YOUR ASSIGNMENT:
Please retype the listing below exactly as it stands, skipping any pictures.

INFORMATION:
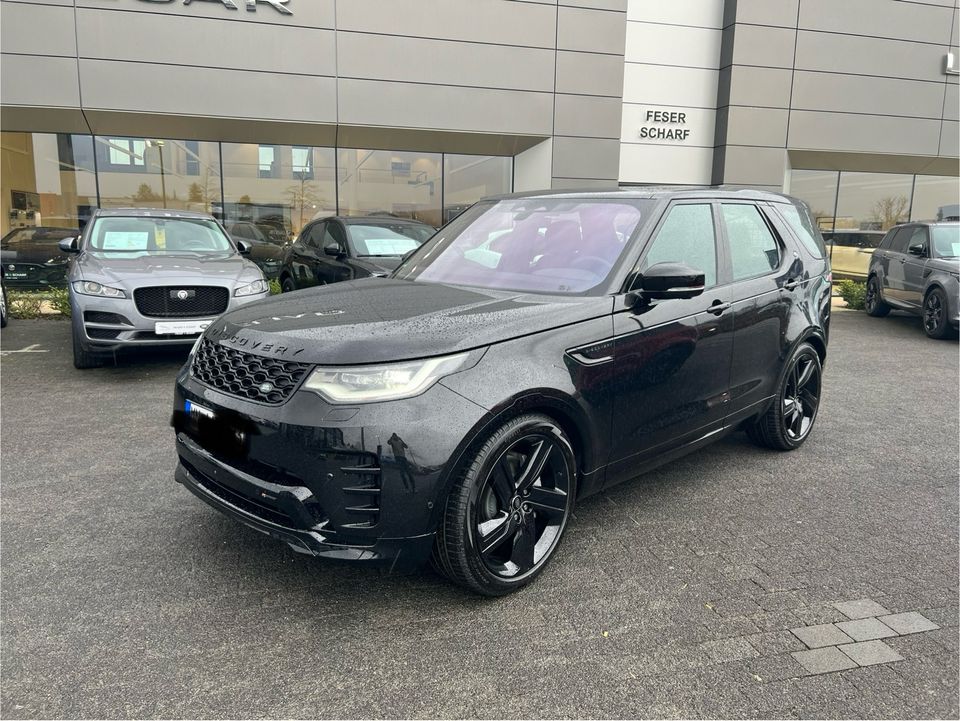 Leasingübernahme LF 0,77 - Land Rover Discovery 5 R-Dynamic HSE in Ettringen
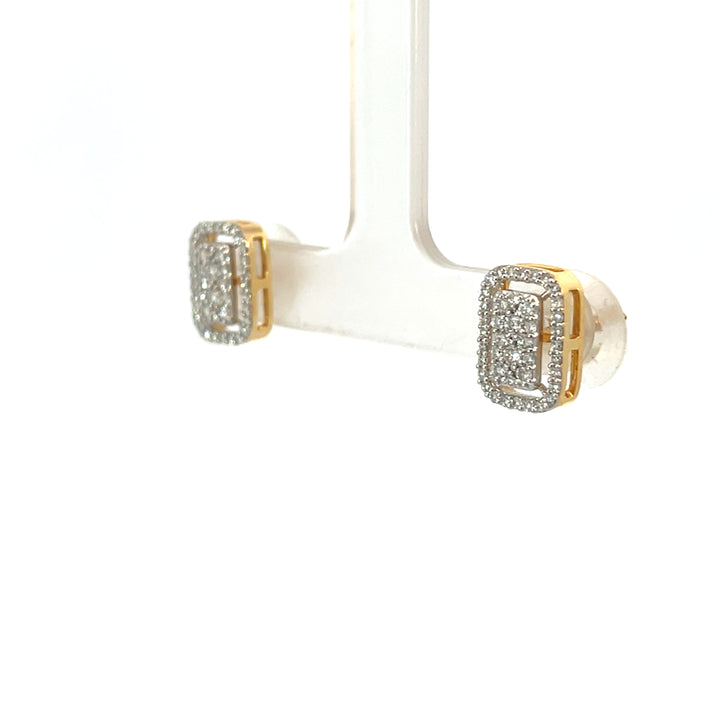 Lab Grown Diamond Earring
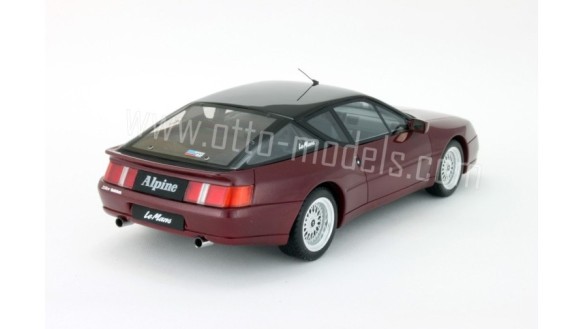 Alpine GTA V6 Le Mans Danielson Rouge Imperial 570 1991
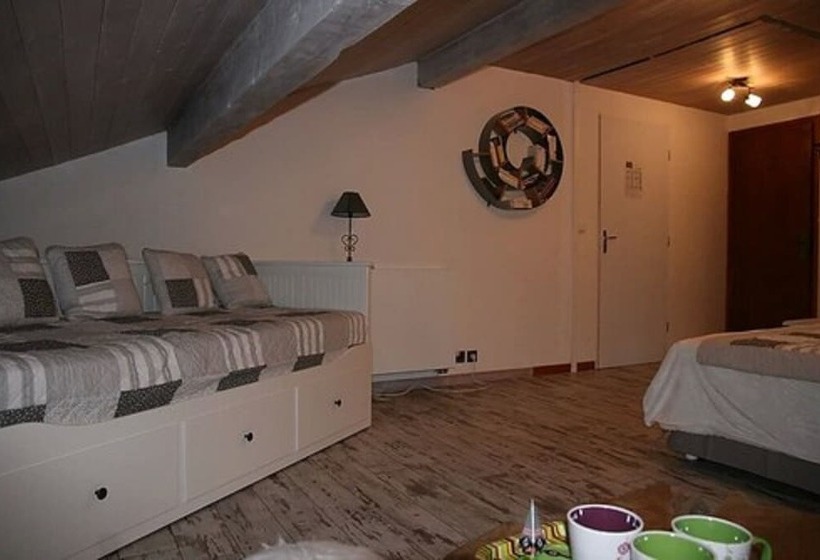 Четырехместный Номер Стандарт, Les Marm Hôtes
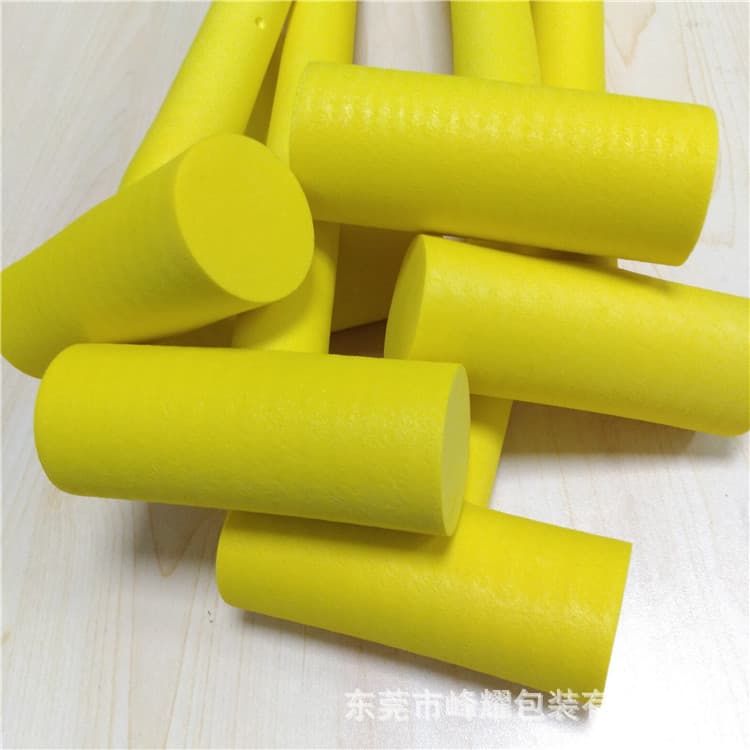 Processing specialized buoyant colored EVA foam blocks for anti-bottom fishing rig sets, bottom-release fishing foam boards.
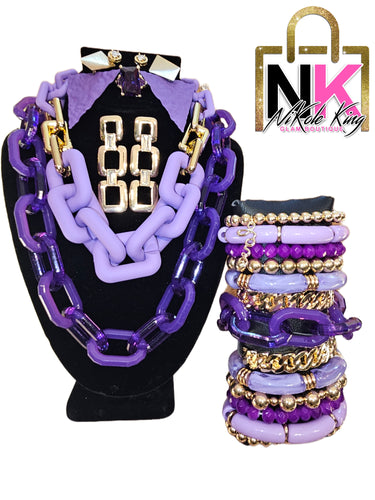 THE LUXE NK GLAM GIRL LUXURY JEWELRY COLLECTION - NIKOLE'S CUSTOM PRETTY PIECES-NKCS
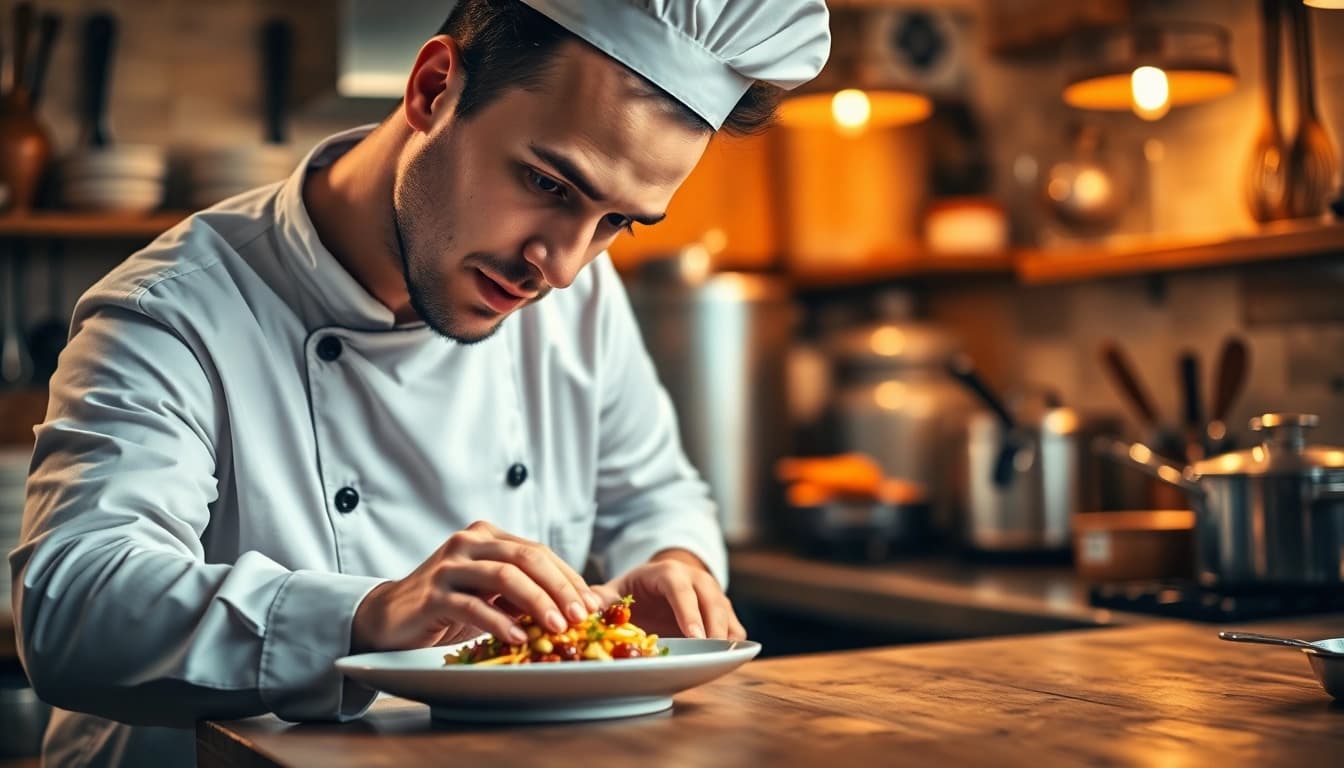 Craft an enticing meal while enjoying the thrill of slot online at this restaurant.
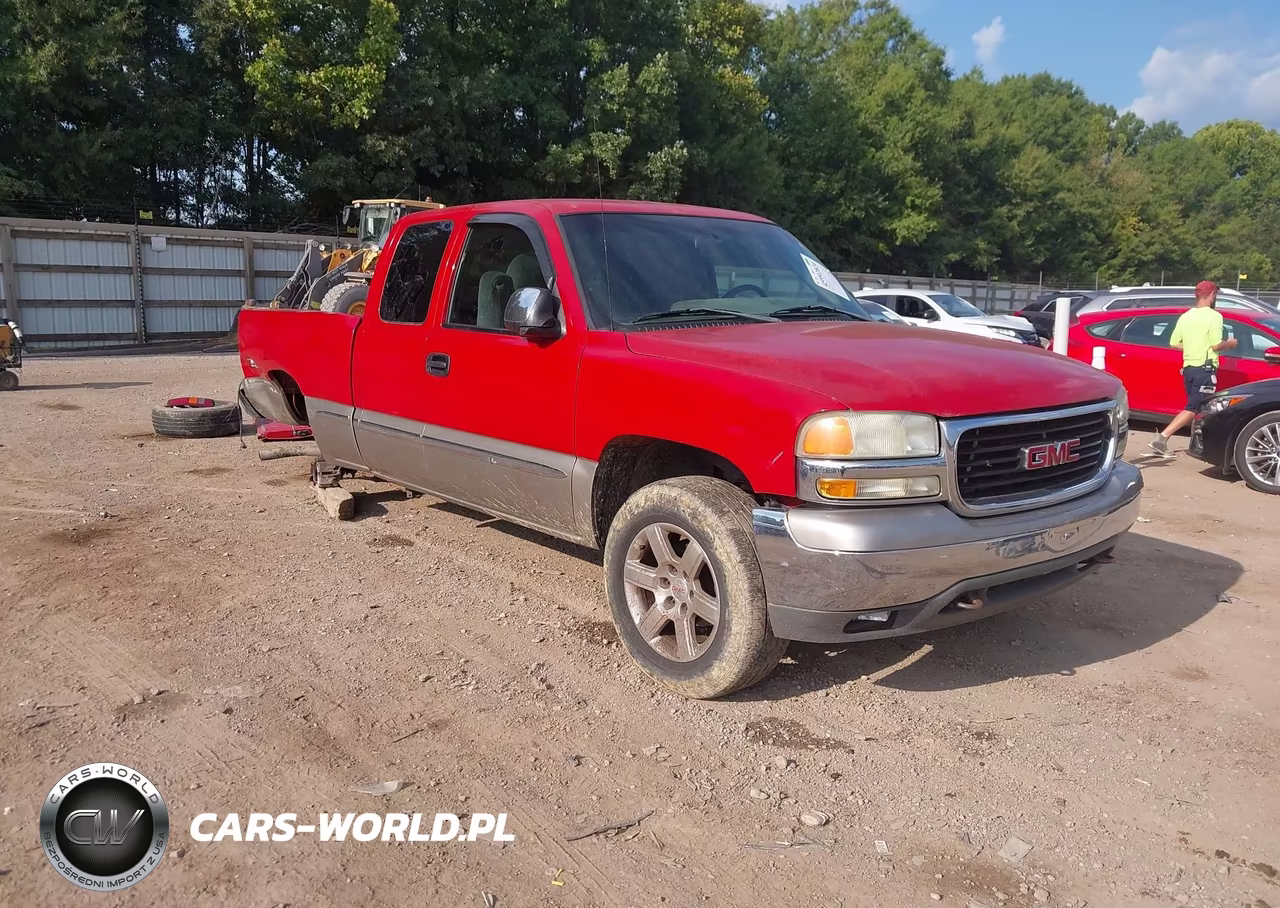 2002 GMC Sierra 1500 Sle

ANSWER TO THIS EXERCISE:
 Leasingübernahme LF 0,77 - Land Rover Discovery 5 R-Dynamic HSE in Ettringen
 Lab Grown Diamond Earring
 Alpine GTA V6 Le Mans Danielson Rouge Imperial 570 1991
 Четырехместный Номер Стандарт, Les Marm Hôtes
 Processing specialized buoyant colored EVA foam blocks for anti-bottom fishing rig sets, bottom-release fishing foam boards.
 THE LUXE NK GLAM GIRL LUXURY JEWELRY COLLECTION - NIKOLE'S CUSTOM PRETTY PIECES-NKCS
 Craft an enticing meal while enjoying the thrill of slot online at this restaurant.
 2002 GMC Sierra 1500 Sle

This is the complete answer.